South Korean President-elect Yoon Suk-yeol’s delegation to Japan met with Japanese Prime Minister Fumio Kishida on Tuesday and delivered Yoon’s personal letter to Kishida, encouraging that the two countries inherit and develop the spirit of the Kim-Obuchi declaration in 1998. Rep. Chung Jin-suk, the head of the delegation, said the Japanese PM agreed on the idea. However, the Japanese PM reiterated the stance that the bilateral relations can be improved only by addressing a South Korea’s Supreme Court ruling to seize assets of Japanese companies in Korea to compensate forced labor victims.
After having a 25-minute meeting with Japanese PM Kishida at his official residence in Tokyo on Tuesday, Rep. Chung said the two sides shared the understanding that two countries should make efforts for the future-oriented development of relations and for shared interests. The Kim-Obuchi Joint Declaration includes Japan’s apology for its colonial rule and the future-oriented development of South Korea-Japan relations. According to the Ministry of Foreign Affairs of Japan, Kishida said strategic cooperation between South Korea and Japan is now more necessary than ever, adding the issue of improving bilateral relations cannot wait any longer.
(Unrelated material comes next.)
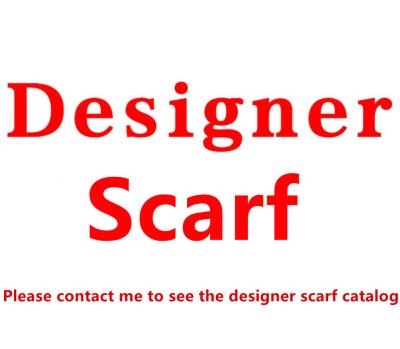 China Factory direct sales high quality famous brand cashmere scarf designer luxury muffler shawl for women men fashion gg scarves for sale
Regarding the issue of Japan’s wartime forced labor and sexual slavery, which are the thorniest issue between the two countries, Rep. Chung said he understands the strict perception of Japan regarding the sales and the seizure of Japanese companies’ assets for forced labor compensation, adding he will make diplomatic efforts to find a solution acceptable to all parties.
As for the Japanese prime minister’s remarks made during the opening statement, Chung said it is necessary to address current issues between the two countries, including the issue of workers from the Korean Peninsula. According to a diplomatic source, Kishida said he wants South Korea to recognize the importance of addressing the sales of Japanese companies’ assets in improving the bilateral relations.
Regarding whether the Japanese prime minister would attend the inauguration ceremony of South Korea’s incoming president on May 10, Chung said there was no invitation to the ceremony as it is a matter to be decided by Japan according to custom, but added that the new administration is ready to treat the Japanese prime minister cordially if Japan expresses intention to attend.